* **Exercise details**:
Where an entry below contains an image, skip the image and reproduce the rest exactly.

·····

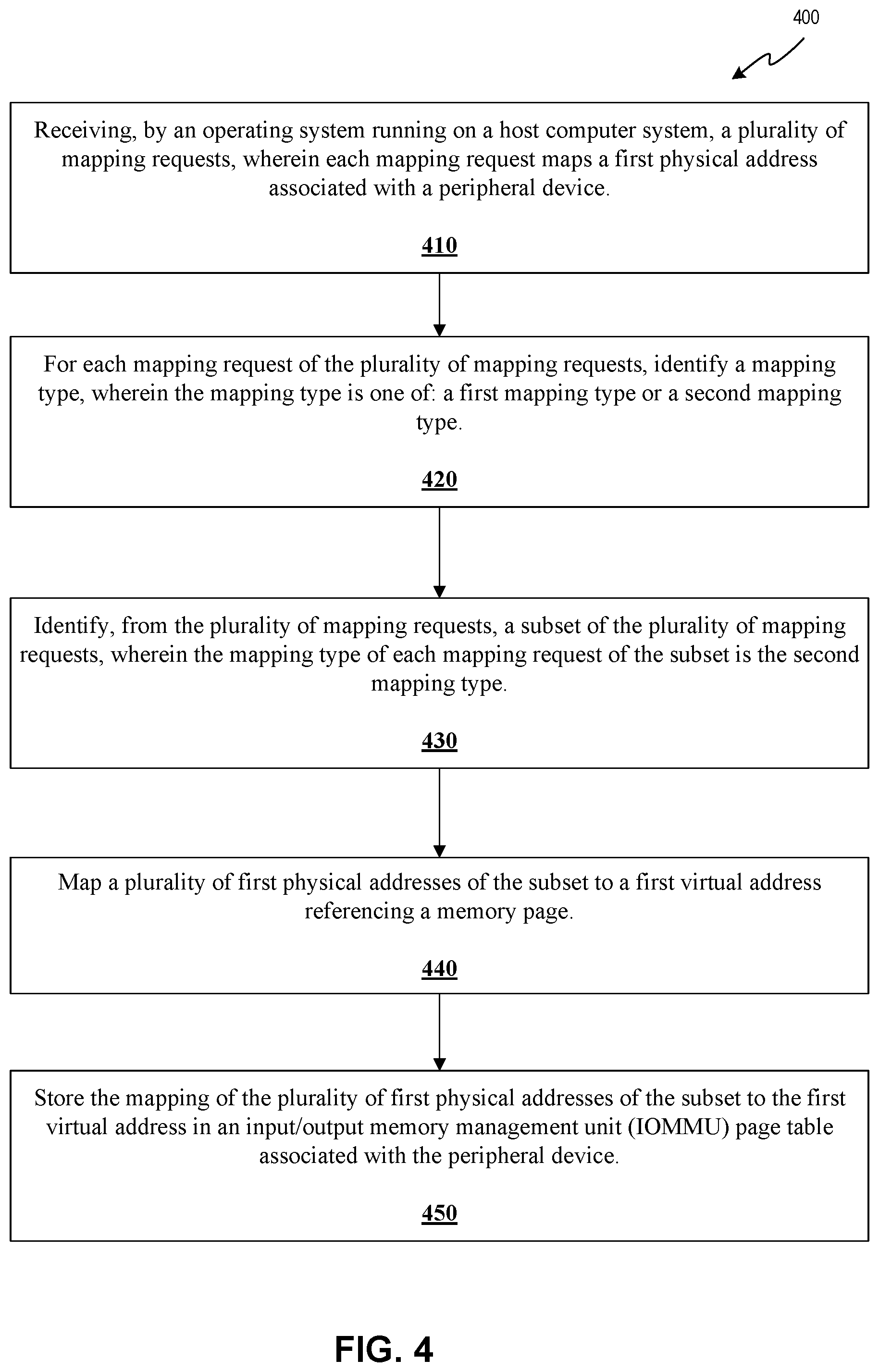 Patent US12417185 Figure 4 – Dynamic direct memory access mapping for peripheral devices
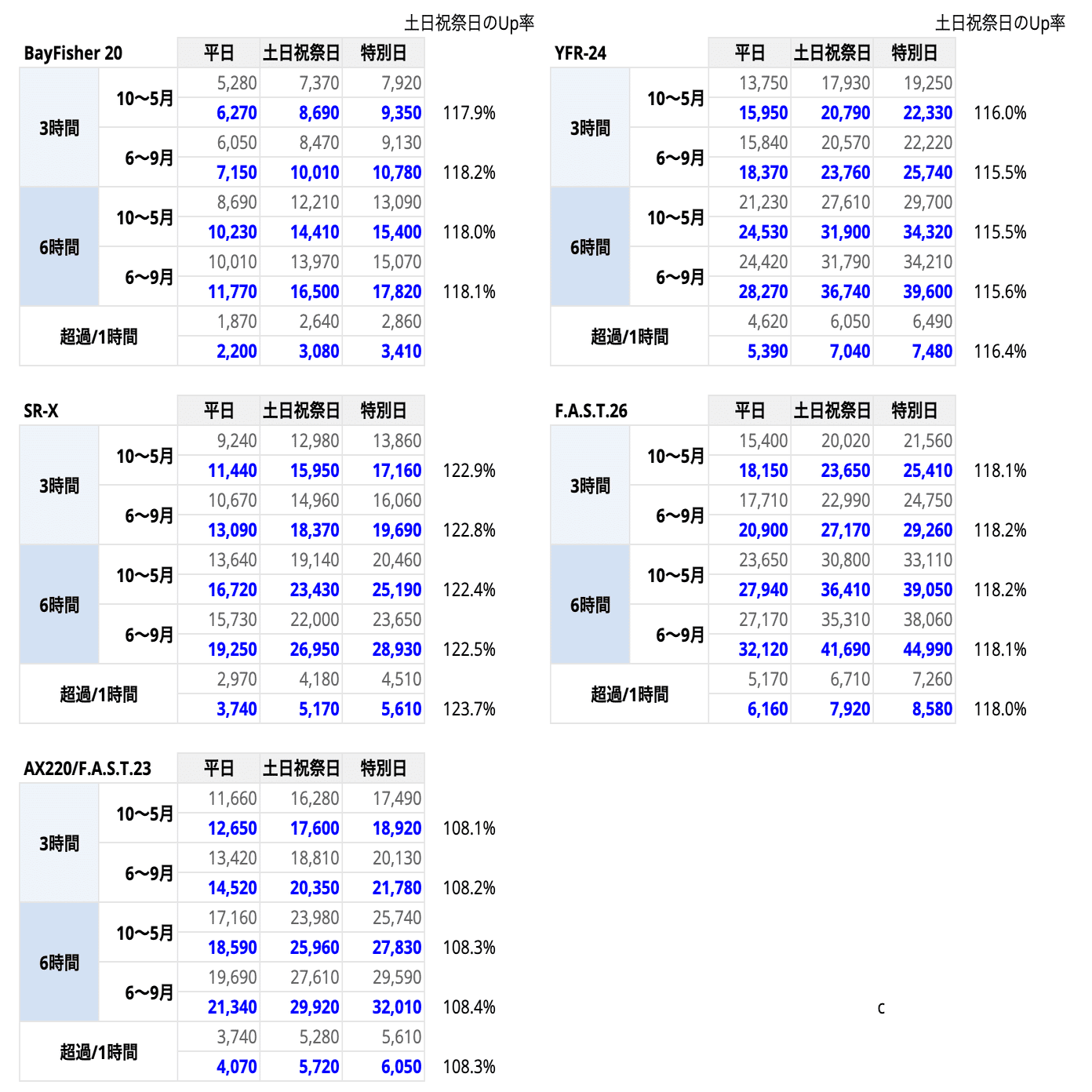 YAMAHAシースタイルの価格改定でめちゃ値上げ！｜週末アングラー Lure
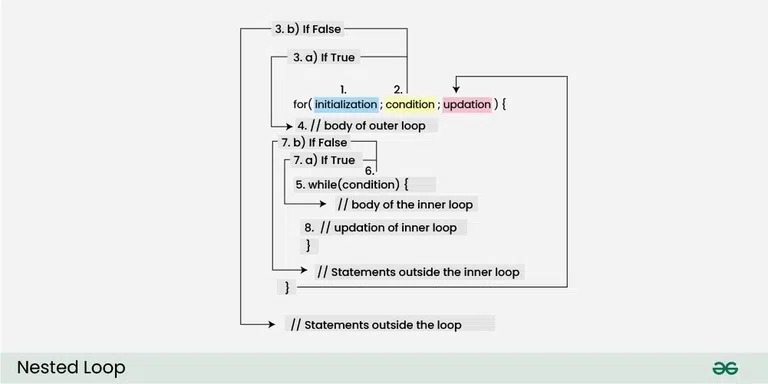 Dynamic loop limits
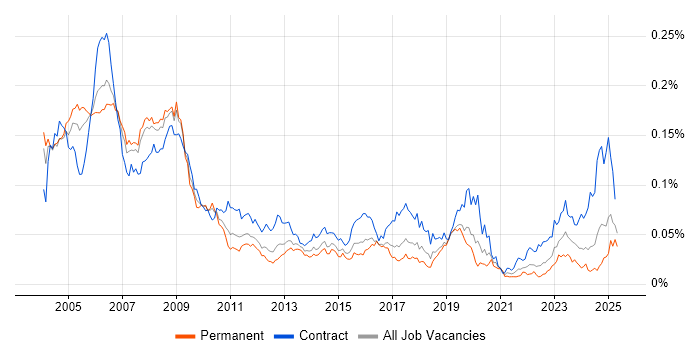Job vacancy trend for SAP Payroll in England Job vacancy trend for SAP Payroll in England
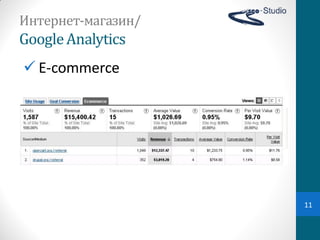 Интернет-магазин/
Google Analytics
 E-commerce




                    11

·····

* **Task solution**:
 Patent US12417185 Figure 4 – Dynamic direct memory access mapping for peripheral devices
 YAMAHAシースタイルの価格改定でめちゃ値上げ！｜週末アングラー Lure
 Dynamic loop limits
Job vacancy trend for SAP Payroll in England Job vacancy trend for SAP Payroll in England
 Интернет-магазин/
Google Analytics
 E-commerce




                    11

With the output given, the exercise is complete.